(Stored items from a collection)
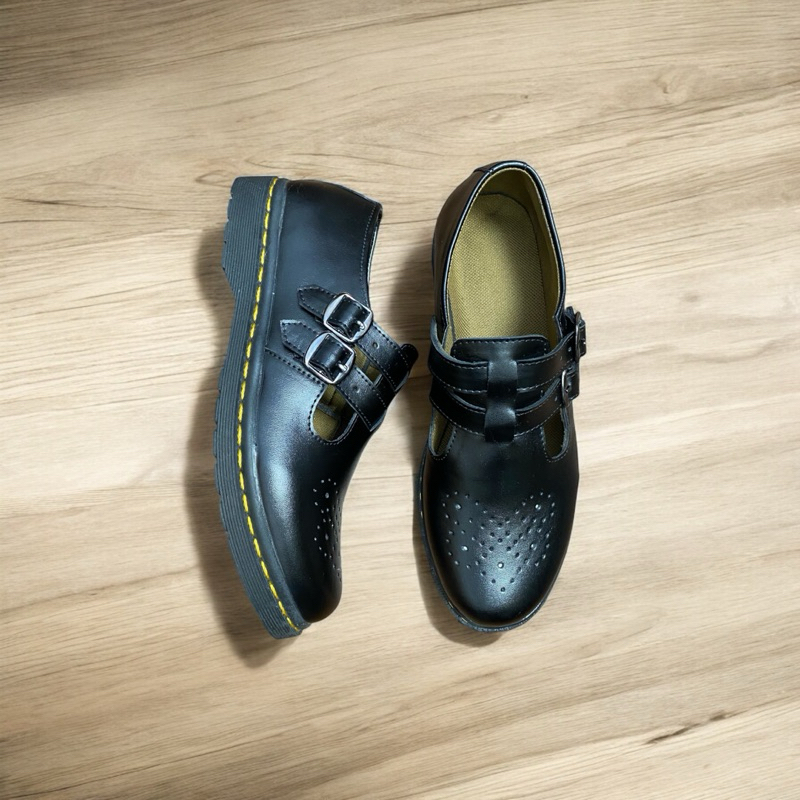 sepatu docmart wanita kekinian “Zeline shoes”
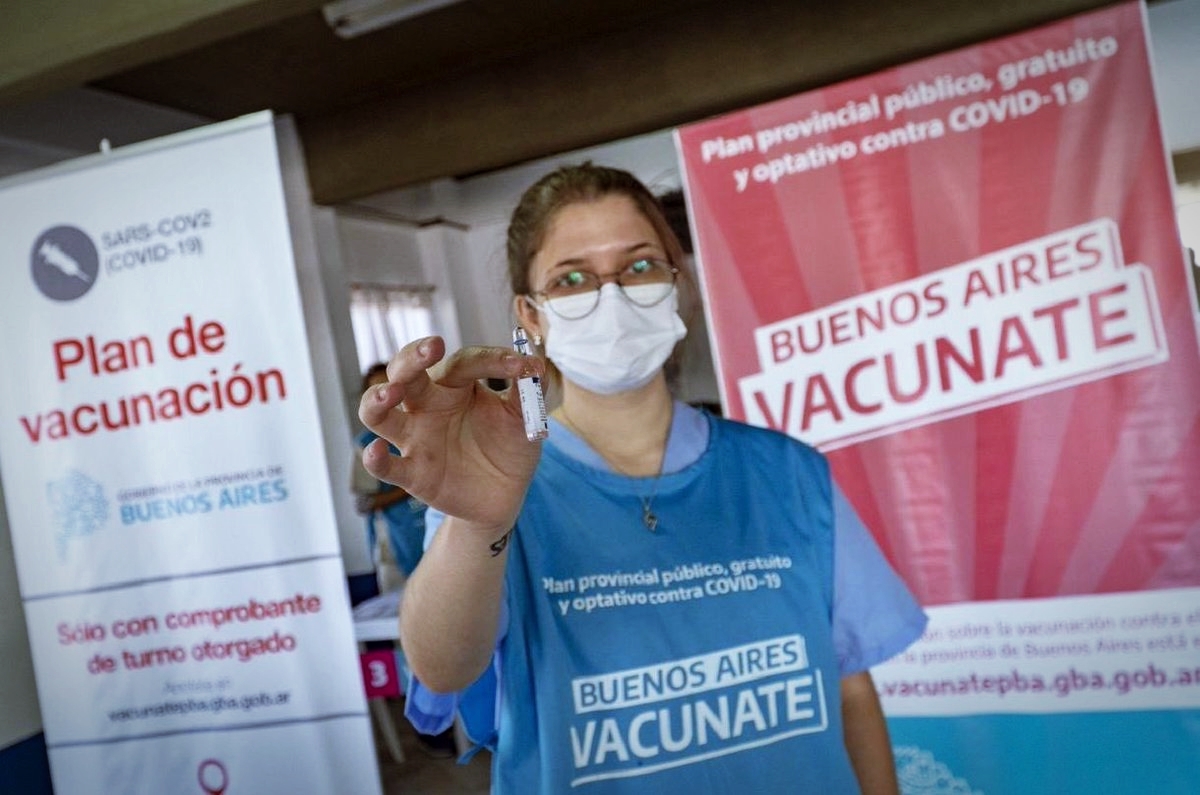 Llega “La Noche de las Vacunas”: dónde van a estar todas las postas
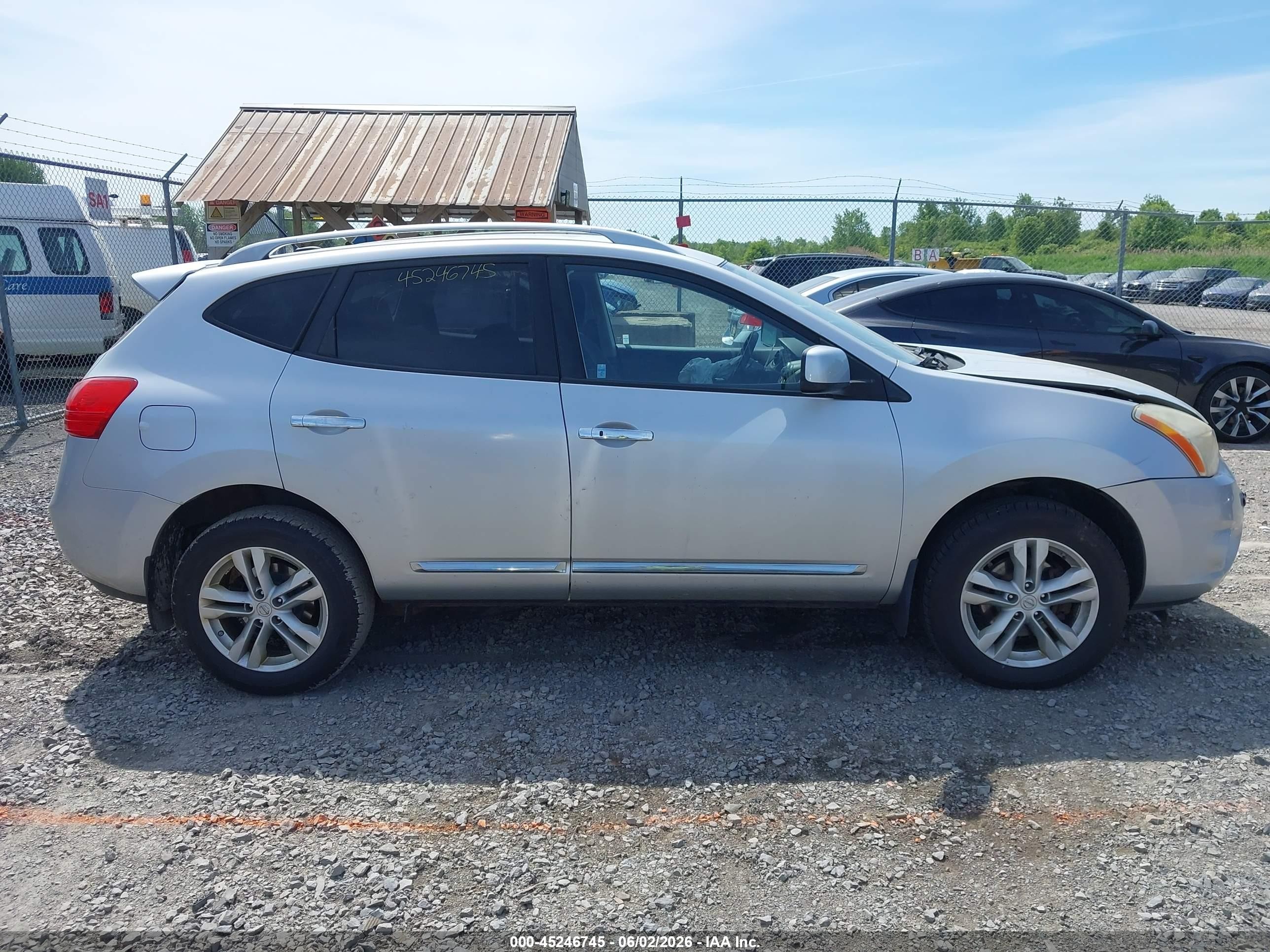 2012 Nissan Rogue Sv Silver vin: JN8AS5MV2CW717734
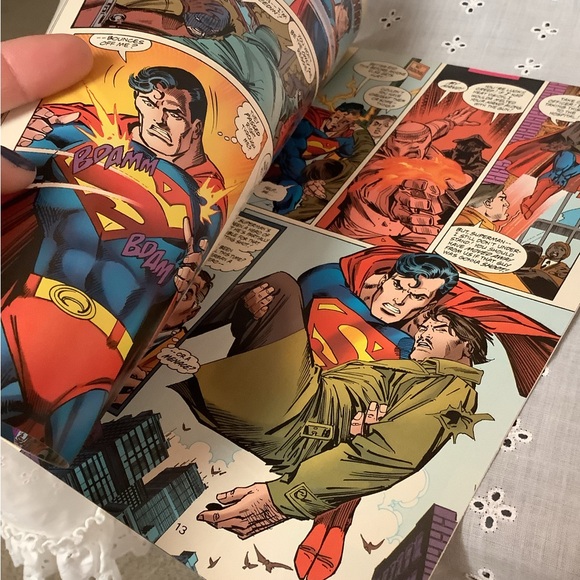 DC comic 1997 - Picture 3 of 3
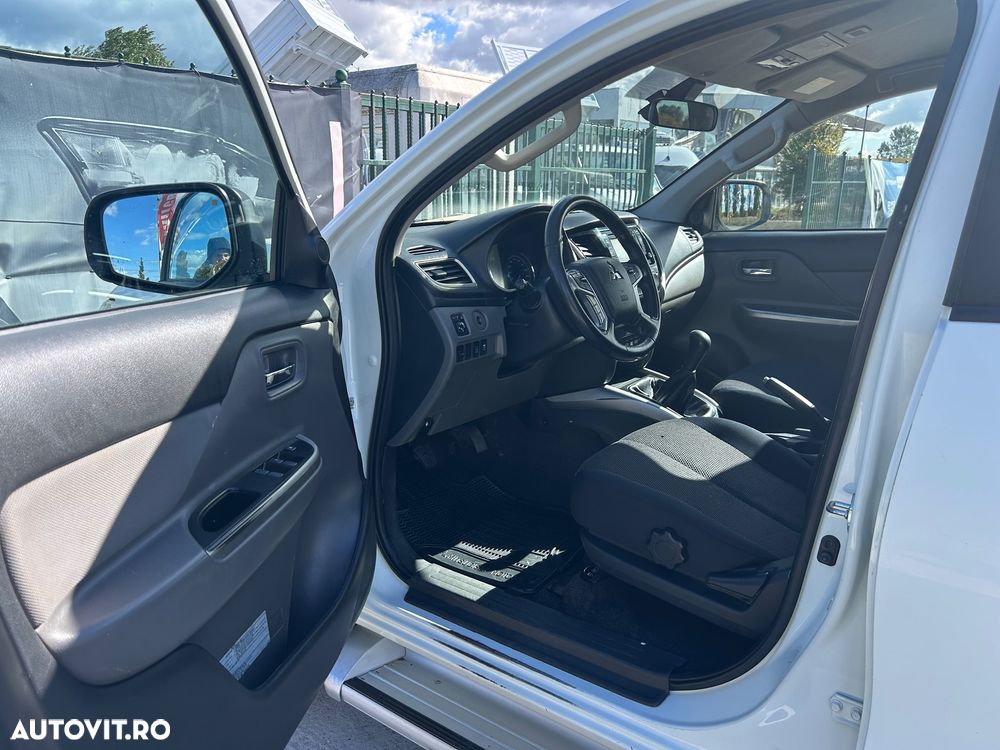 Mitsubishi L200 Double Cab 2.4 DI-D M/T Intense - 16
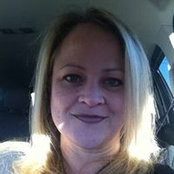 Elizabeth Mitrani's photo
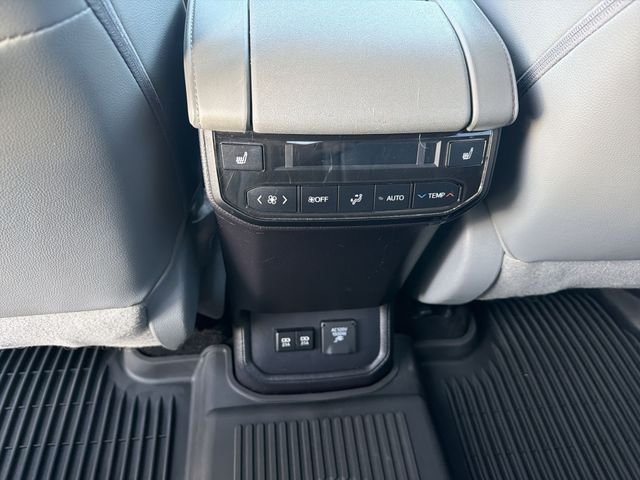 2021 Toyota Highlander Platinum - Photo 23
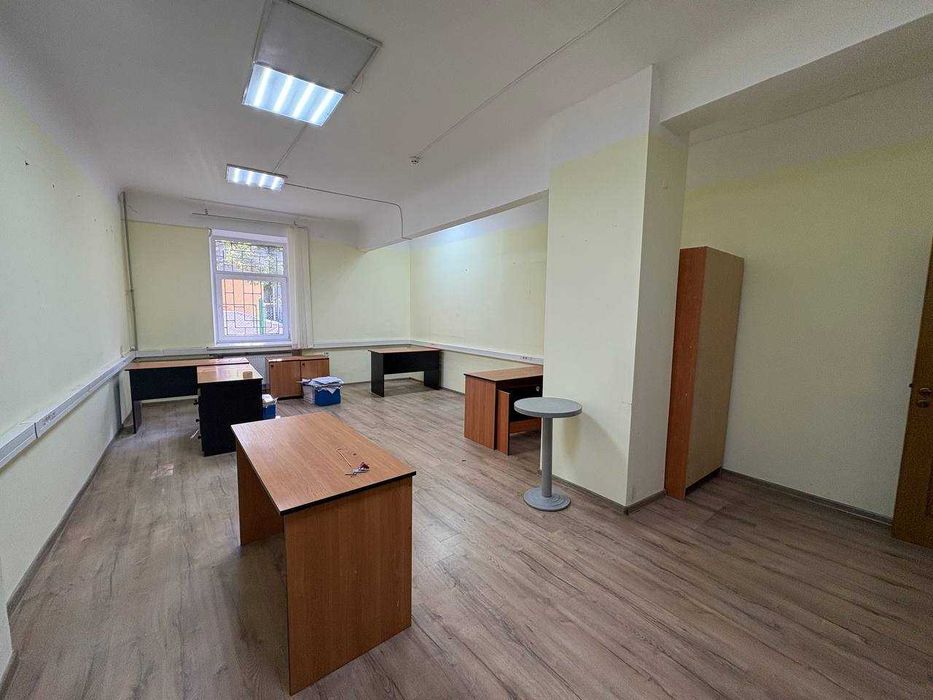 Оренда приміщення 160 м2 в Бізнес Центрі з власним входом
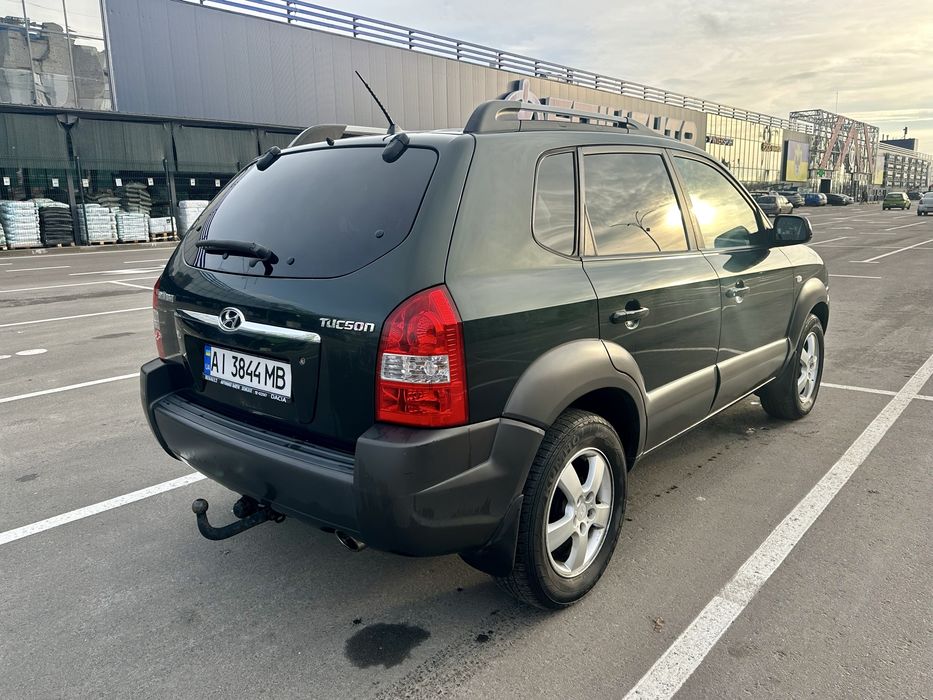 Продам Hyundai Tucson 2008 2.0 пердній привід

**To do:** Your copy of the data above should match it exactly, apart from the images.

**Problem solution:**
 sepatu docmart wanita kekinian “Zeline shoes”
 Llega “La Noche de las Vacunas”: dónde van a estar todas las postas
 2012 Nissan Rogue Sv Silver vin: JN8AS5MV2CW717734
 DC comic 1997 - Picture 3 of 3
 Mitsubishi L200 Double Cab 2.4 DI-D M/T Intense - 16
 Elizabeth Mitrani's photo
 2021 Toyota Highlander Platinum - Photo 23
 Оренда приміщення 160 м2 в Бізнес Центрі з власним входом
 Продам Hyundai Tucson 2008 2.0 пердній привід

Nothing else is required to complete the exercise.